_ASSIGNED TASK_: Please restate word for word the lines of the entries below from the one with "Rear wiper motor" to the one with "ANTIFRAGILE k4 幸運卡 線下", inclusive, and leave out every picture.
──────────
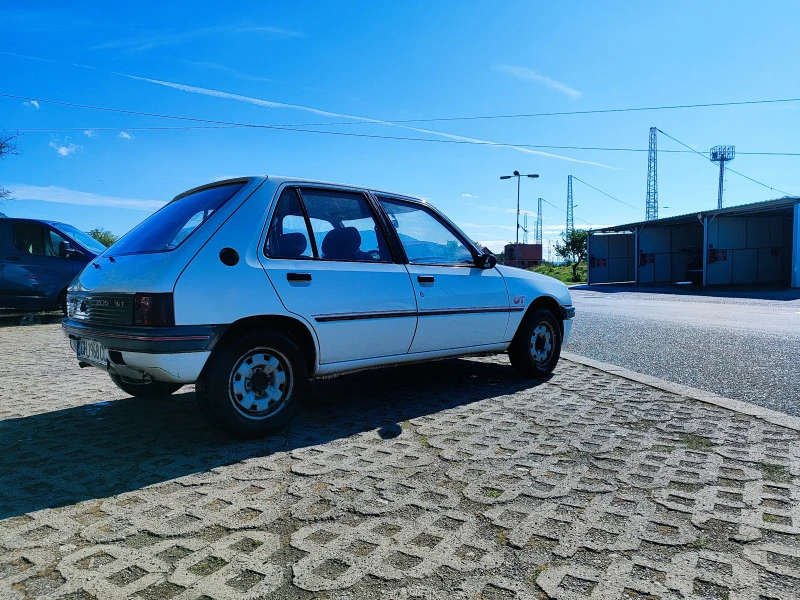 Peugeot 205, снимка 4 - Автомобили и джипове - 45471508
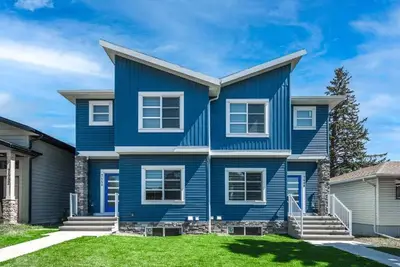 Image de 🏡 Group Stay by Downtown | 6br Duplex Sleeps 16 | Banff Pass + Wine + Netflix!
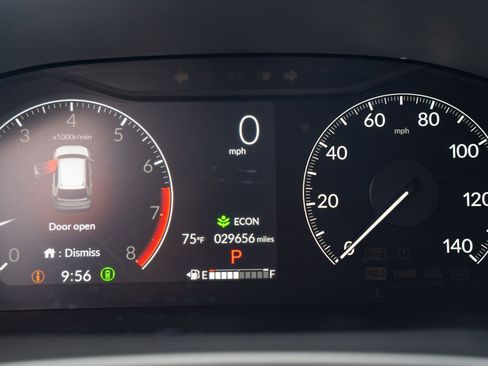 Certified 2024 Honda CR-V EX-L image 38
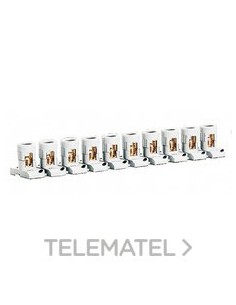 REGLETA DE PASO 2X16 MM2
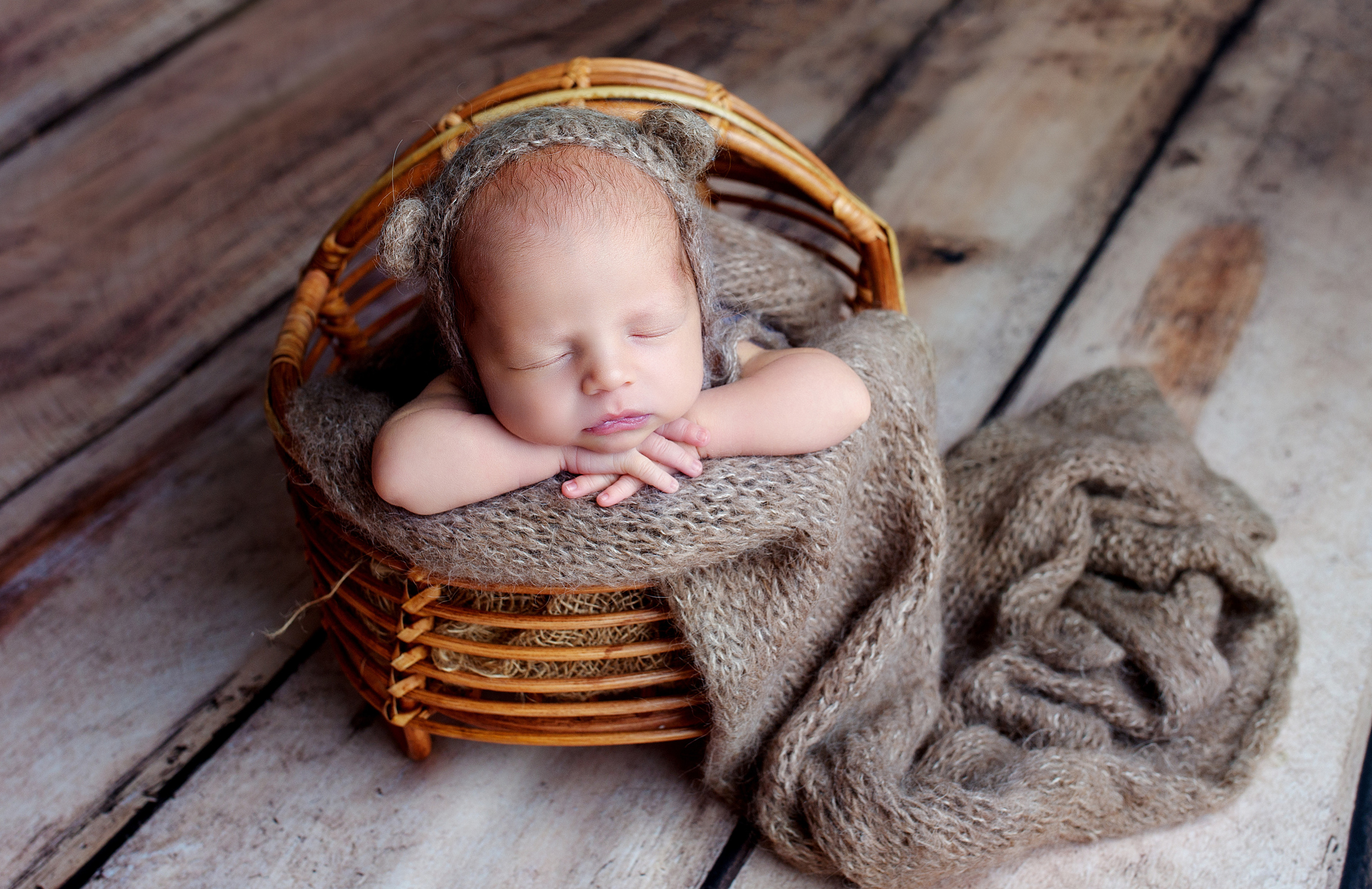 Фотосессия новорожденных в Ярославле. Ньюборн Ярославль. Наталья Михайлова Фотограф новорожденных в Ярославле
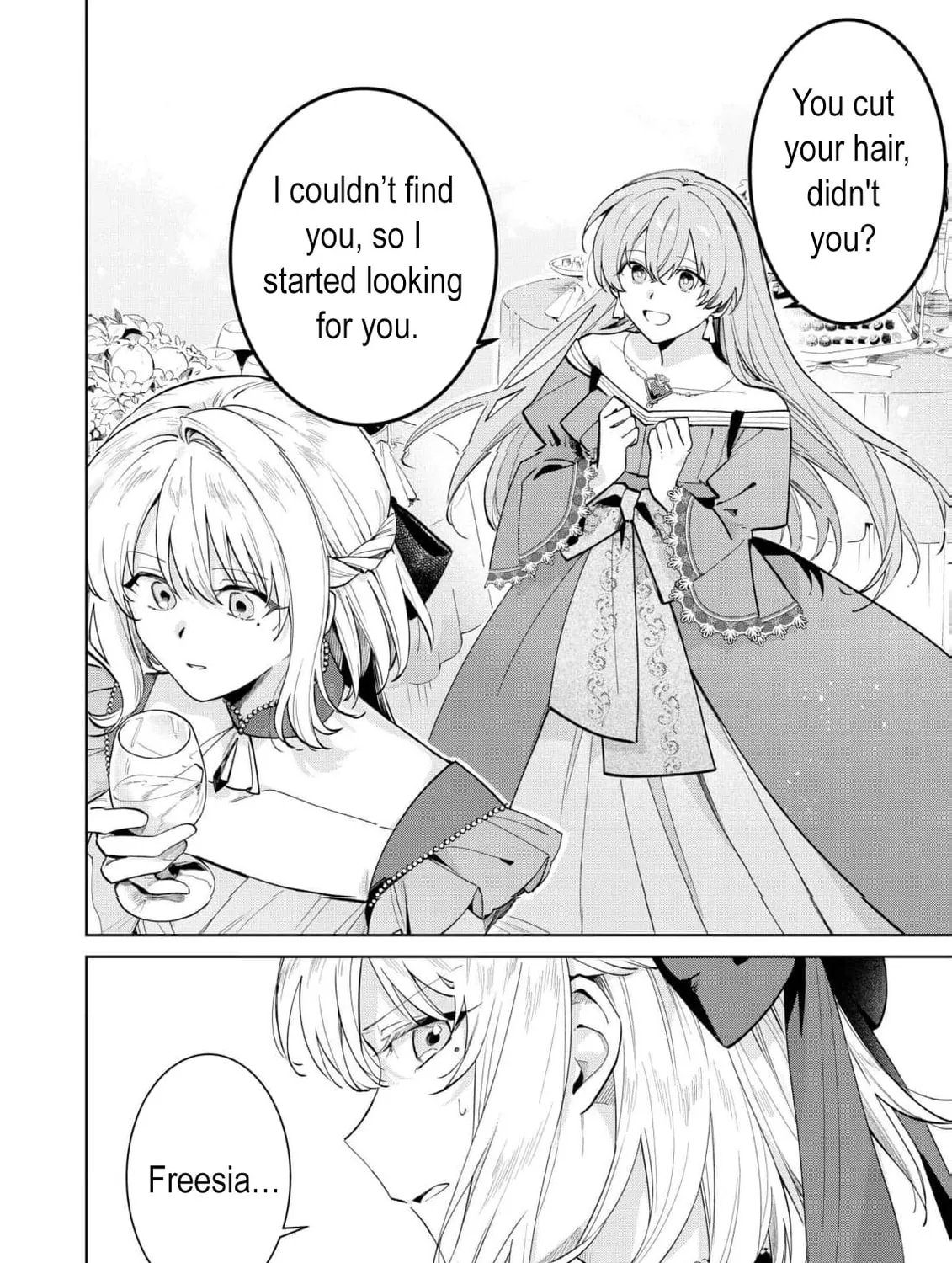 I Won’t Be the Loser Again… With My Power to Turn Back Time, I’ll Seize My Own Happiness! Chapter 12 page 21 - 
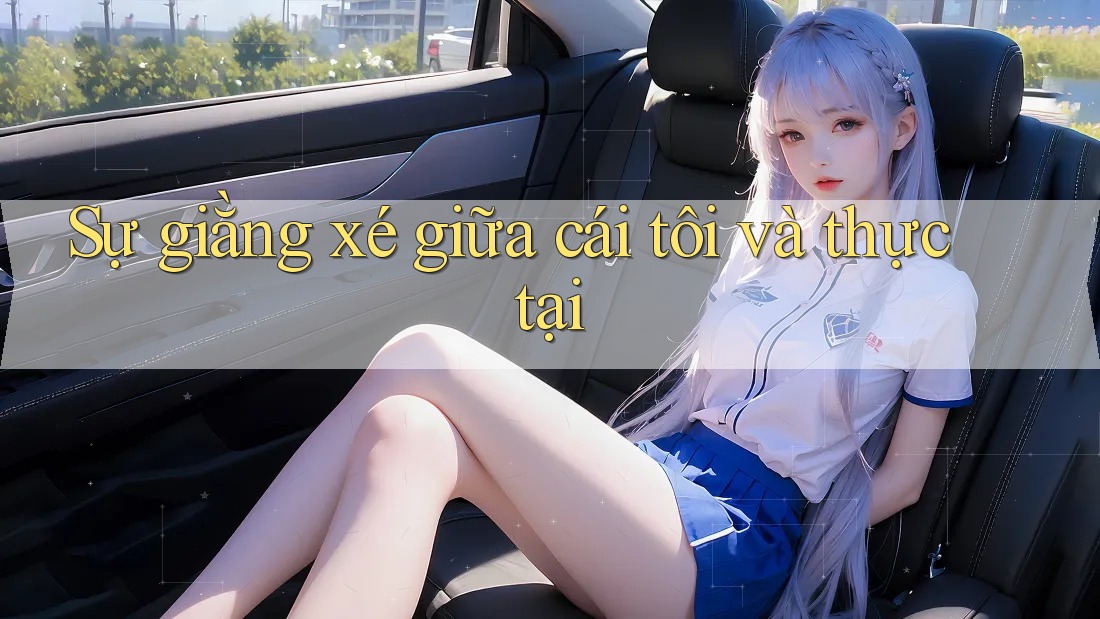 Sự giằng xé giữa cái tôi và thực tại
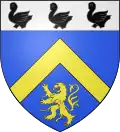 Coat of arms of Viglain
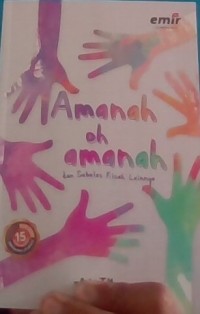 Amanah oh amanah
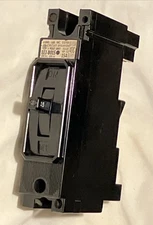 ITE Siemens EE1-B015 1 Pole 15 Amp 120VAC 125VDC Circuit Breaker EE1B015 Nice!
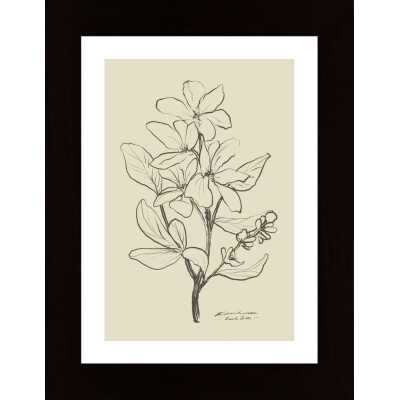 Floral 1 Poster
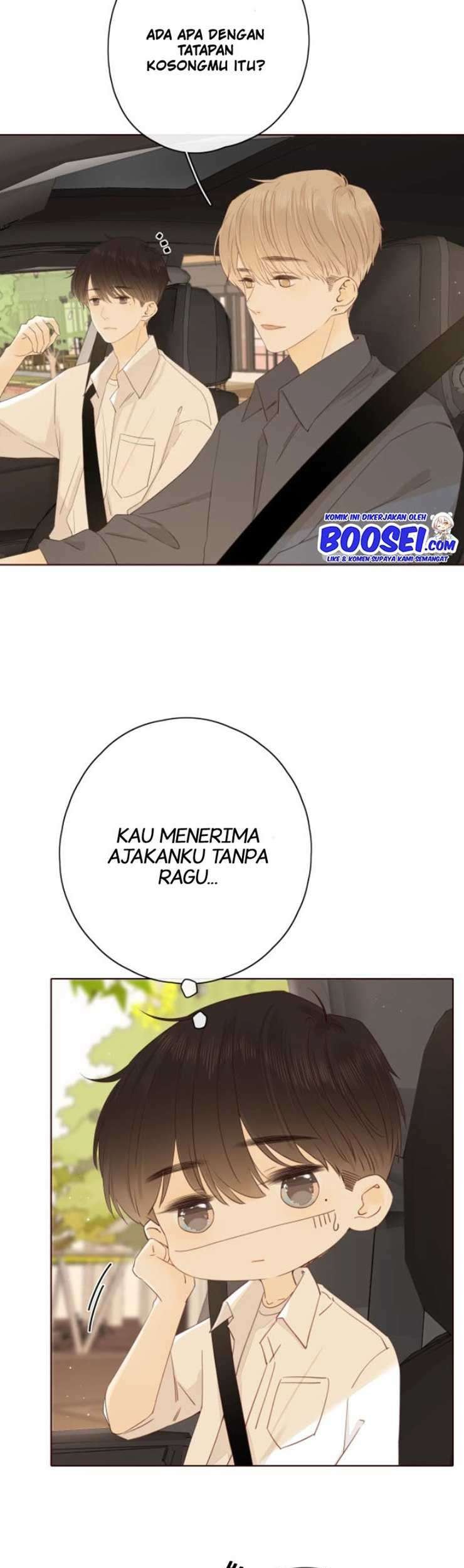 She May Not Be Cute Chapter 50 - halaman 27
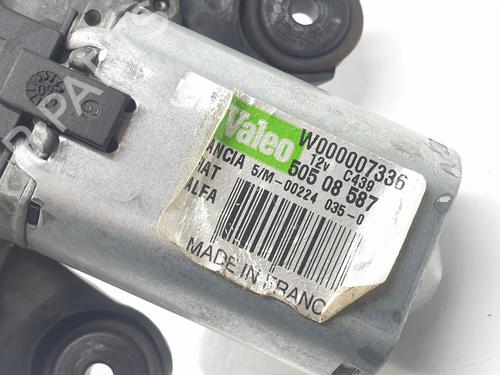 Rear wiper motor ALFA ROMEO MITO (955_) 1.4 MultiAir (955AXL1B) | BP17170771M102 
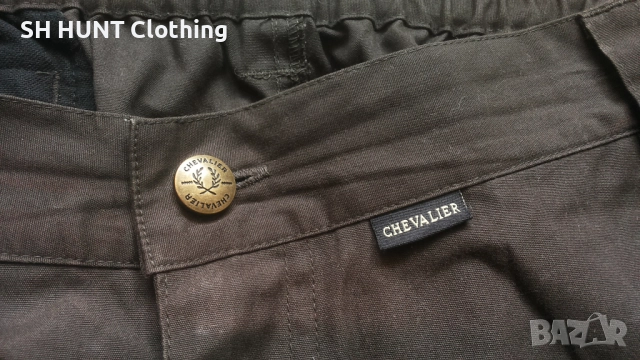 CHEVALIER ARIZONA PRO Stretch Trouser размер 56 / XXL панталон със здрава и еластична материи - 1749, снимка 13 - Екипировка - 52885860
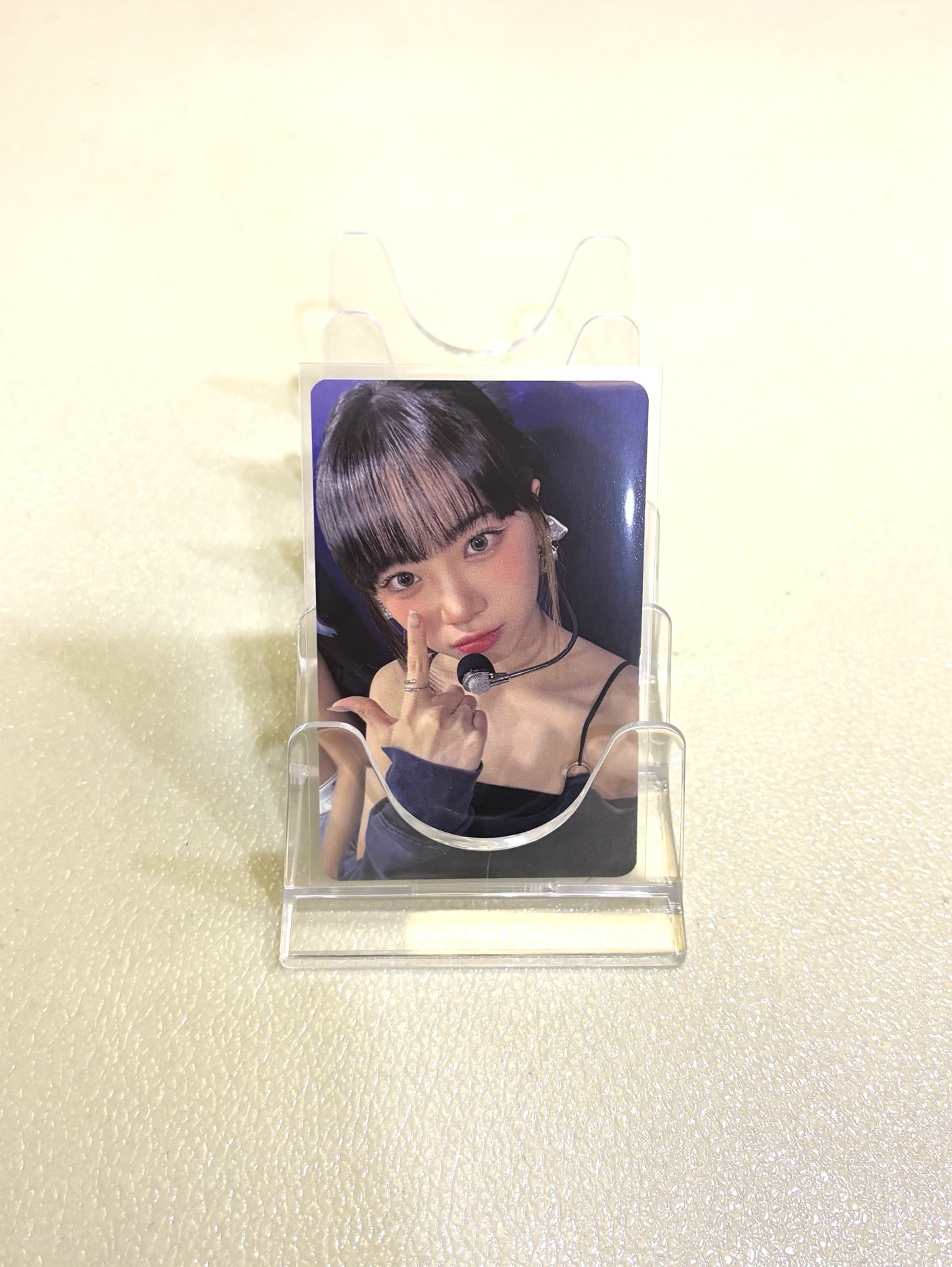 【現貨】采 ANTIFRAGILE k4 幸運卡 線下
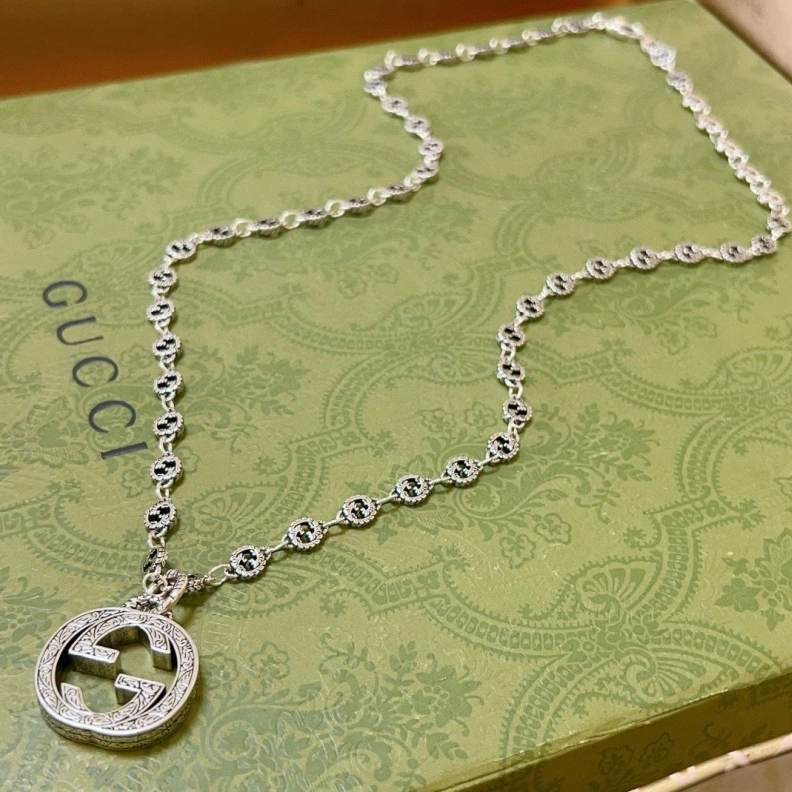 Trendy Gxccx Necklaces 302501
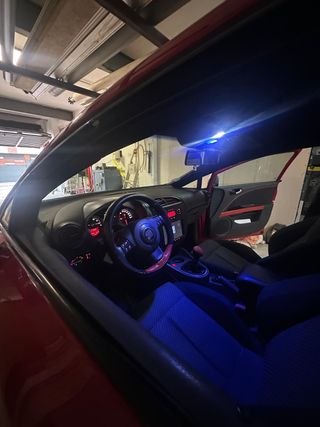 SEAT Leon exterior cupra 1.6 2007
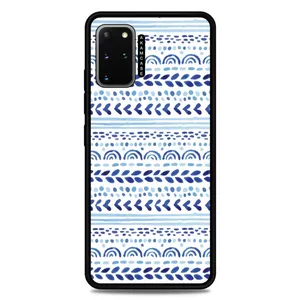 AKAM AMC-WSGS20P-BLUE-1 Cover For Samsung Galaxy S20 Plus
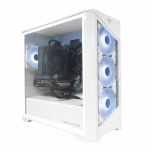 Computadora Gamer Digital Master Pc Gamer Pro V1.2, AMD Ryzen 5 5500, AMD Radeon RX 7600, 16GB, 1TB SSD, Wi-Fi, Windows 10 Prueba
──────────
_PROBLEM SOLUTION_:
 Rear wiper motor ALFA ROMEO MITO (955_) 1.4 MultiAir (955AXL1B) | BP17170771M102 
 CHEVALIER ARIZONA PRO Stretch Trouser размер 56 / XXL панталон със здрава и еластична материи - 1749, снимка 13 - Екипировка - 52885860
 【現貨】采 ANTIFRAGILE k4 幸運卡 線下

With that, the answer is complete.